■ Exercise goal
Nothing but the lines below between the line holding "We use crowdsourcing" and the line holding "If you plan", inclusive, should appear in the answer, each set down exactly.

--- --- ---

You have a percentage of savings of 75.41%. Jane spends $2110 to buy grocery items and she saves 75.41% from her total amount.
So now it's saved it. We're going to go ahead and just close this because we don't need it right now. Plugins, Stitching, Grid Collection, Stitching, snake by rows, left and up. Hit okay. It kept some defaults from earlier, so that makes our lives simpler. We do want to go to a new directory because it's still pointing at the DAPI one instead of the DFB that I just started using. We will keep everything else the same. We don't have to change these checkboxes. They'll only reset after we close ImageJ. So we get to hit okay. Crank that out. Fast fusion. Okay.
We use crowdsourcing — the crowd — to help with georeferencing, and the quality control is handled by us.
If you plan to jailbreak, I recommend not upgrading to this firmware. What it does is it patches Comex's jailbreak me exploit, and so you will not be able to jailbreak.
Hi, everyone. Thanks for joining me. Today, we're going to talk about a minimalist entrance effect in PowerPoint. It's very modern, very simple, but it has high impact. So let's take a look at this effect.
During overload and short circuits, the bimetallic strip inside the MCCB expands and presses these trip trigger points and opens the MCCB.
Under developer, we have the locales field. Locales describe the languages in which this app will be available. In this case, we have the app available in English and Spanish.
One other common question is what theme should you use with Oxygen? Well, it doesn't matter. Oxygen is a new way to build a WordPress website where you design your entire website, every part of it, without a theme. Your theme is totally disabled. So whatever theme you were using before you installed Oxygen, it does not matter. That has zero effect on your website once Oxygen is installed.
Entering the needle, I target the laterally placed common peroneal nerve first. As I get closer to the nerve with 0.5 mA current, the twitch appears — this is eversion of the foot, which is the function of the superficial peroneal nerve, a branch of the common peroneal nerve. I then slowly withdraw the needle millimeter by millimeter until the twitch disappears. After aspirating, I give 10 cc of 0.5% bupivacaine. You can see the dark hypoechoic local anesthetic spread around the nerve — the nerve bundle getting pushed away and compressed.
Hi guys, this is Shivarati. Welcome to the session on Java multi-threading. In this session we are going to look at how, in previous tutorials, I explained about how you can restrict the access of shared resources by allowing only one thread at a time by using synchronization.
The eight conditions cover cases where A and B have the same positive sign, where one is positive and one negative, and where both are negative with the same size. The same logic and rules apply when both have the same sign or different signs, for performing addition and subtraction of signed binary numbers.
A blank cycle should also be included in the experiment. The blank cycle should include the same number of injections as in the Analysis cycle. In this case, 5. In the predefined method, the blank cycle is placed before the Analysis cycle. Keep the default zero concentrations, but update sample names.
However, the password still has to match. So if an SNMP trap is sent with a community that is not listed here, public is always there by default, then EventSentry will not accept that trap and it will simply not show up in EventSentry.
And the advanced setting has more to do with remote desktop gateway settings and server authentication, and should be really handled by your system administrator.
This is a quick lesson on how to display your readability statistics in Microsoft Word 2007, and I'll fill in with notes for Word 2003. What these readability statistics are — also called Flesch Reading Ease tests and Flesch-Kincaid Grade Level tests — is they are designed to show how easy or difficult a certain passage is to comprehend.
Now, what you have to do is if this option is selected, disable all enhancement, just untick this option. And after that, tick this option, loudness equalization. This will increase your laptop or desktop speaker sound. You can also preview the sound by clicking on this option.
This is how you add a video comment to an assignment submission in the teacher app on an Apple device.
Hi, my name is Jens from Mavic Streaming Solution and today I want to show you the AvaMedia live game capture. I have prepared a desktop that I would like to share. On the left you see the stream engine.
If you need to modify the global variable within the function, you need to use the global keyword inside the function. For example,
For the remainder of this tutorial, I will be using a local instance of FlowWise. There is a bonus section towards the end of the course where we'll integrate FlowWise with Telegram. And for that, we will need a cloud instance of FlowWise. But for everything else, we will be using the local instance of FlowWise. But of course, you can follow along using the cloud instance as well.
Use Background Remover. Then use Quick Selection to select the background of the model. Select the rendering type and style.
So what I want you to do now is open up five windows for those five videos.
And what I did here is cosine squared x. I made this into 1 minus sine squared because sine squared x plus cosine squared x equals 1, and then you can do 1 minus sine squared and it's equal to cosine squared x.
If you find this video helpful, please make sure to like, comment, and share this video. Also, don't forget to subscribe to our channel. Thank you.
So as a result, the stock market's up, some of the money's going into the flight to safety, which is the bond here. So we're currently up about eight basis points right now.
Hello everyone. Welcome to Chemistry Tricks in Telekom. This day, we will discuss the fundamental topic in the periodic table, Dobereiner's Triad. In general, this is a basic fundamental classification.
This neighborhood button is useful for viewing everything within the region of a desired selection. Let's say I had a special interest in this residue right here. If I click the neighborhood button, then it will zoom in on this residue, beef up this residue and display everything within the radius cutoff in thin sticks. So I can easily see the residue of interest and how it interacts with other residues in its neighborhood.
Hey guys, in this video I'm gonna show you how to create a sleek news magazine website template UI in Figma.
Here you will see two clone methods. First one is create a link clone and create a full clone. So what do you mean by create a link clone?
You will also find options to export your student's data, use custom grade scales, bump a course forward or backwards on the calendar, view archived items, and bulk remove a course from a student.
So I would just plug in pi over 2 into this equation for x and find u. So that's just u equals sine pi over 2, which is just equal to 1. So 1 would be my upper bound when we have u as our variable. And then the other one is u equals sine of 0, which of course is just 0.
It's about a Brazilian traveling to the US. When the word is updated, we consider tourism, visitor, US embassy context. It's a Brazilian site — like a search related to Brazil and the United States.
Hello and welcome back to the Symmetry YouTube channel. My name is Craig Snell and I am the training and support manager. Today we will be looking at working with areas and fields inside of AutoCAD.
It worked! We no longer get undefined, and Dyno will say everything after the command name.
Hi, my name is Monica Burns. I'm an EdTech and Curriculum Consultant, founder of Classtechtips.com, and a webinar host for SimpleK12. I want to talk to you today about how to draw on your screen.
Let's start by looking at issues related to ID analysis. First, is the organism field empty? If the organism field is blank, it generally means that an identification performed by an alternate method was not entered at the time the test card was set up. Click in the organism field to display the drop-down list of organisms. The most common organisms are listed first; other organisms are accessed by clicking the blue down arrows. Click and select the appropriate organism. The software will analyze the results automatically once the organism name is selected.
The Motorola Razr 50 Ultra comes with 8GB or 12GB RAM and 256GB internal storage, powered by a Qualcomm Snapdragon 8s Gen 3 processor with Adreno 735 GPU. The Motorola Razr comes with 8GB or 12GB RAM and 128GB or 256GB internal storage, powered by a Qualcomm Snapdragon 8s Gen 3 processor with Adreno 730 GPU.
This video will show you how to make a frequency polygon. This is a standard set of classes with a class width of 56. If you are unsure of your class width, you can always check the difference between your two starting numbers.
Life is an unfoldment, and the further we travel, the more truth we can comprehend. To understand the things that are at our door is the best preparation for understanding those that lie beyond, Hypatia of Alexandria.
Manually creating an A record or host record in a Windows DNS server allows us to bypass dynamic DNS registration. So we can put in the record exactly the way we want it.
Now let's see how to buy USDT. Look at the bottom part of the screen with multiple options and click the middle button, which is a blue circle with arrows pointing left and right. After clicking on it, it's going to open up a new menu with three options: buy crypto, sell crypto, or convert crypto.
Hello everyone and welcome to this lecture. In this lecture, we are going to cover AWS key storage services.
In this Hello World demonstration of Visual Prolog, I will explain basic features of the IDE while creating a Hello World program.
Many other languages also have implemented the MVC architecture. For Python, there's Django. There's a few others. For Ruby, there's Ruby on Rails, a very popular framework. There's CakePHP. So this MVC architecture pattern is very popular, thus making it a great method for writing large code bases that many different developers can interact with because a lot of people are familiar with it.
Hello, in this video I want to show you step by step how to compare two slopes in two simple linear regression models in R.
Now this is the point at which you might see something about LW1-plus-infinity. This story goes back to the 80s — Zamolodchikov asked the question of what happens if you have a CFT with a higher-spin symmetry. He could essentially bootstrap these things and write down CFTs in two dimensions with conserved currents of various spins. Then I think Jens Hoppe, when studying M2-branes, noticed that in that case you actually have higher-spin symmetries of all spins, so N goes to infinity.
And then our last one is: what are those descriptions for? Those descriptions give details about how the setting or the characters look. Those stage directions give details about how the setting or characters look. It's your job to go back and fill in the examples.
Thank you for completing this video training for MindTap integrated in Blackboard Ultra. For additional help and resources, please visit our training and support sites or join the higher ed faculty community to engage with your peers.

--- --- ---

■ Finished task
We use crowdsourcing — the crowd — to help with georeferencing, and the quality control is handled by us.
If you plan to jailbreak, I recommend not upgrading to this firmware. What it does is it patches Comex's jailbreak me exploit, and so you will not be able to jailbreak.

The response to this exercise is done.